Task brief: Look through the entries below and copy exactly the part that begins with the line containing "An empty living" and ends with the line containing "Una giovane ragazza". Do not copy the pictures.

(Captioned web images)
########
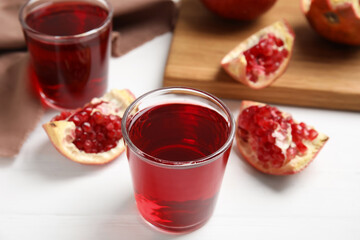 Freshly made pomegranate juice on white wooden table
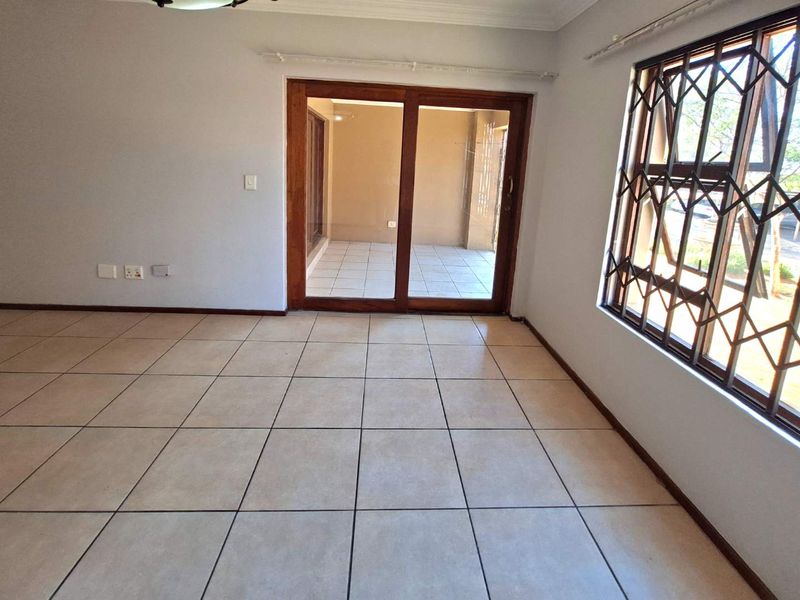 An empty living room featuring tiled flooring, a sliding door leading to a patio, and windows fitted with security bars.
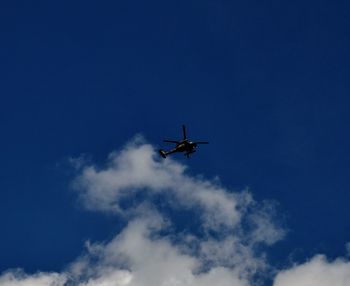 Low angle view of airplane flying in sky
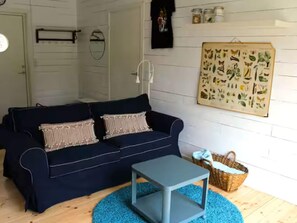 Un salon chaleureux avec un canapé bleu foncé, une petite table d’appoint grise et un tapis bleu.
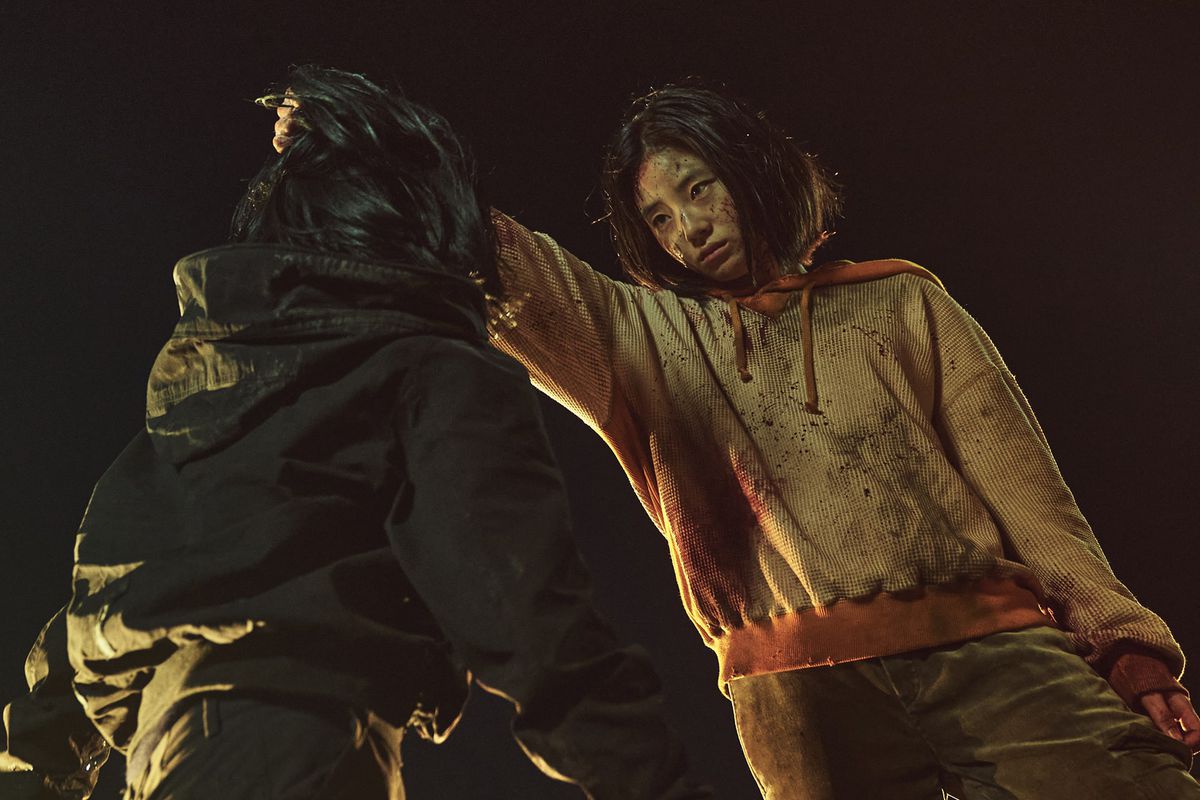 Una giovane ragazza (Shin Si-ah) con una felpa arancione insanguinata tiene un uomo con una giacca nera per i capelli.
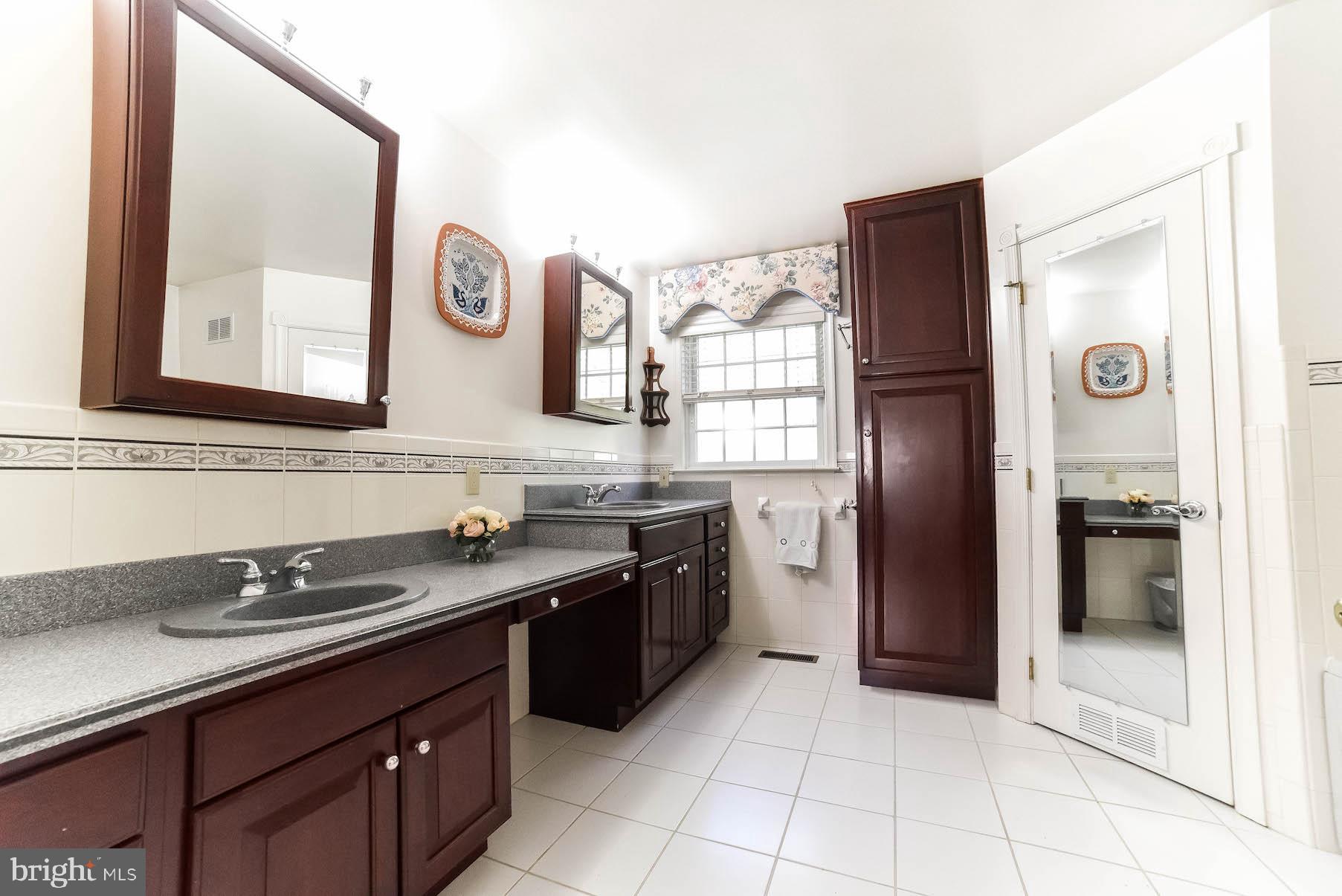 13425 Olivet Road Lusby, MD 20657 - Photo 29 of 59 a kitchen with a sink and a refrigerator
########
Solution for this problem:
 An empty living room featuring tiled flooring, a sliding door leading to a patio, and windows fitted with security bars.
 Low angle view of airplane flying in sky
 Un salon chaleureux avec un canapé bleu foncé, une petite table d’appoint grise et un tapis bleu.
 Una giovane ragazza (Shin Si-ah) con una felpa arancione insanguinata tiene un uomo con una giacca nera per i capelli.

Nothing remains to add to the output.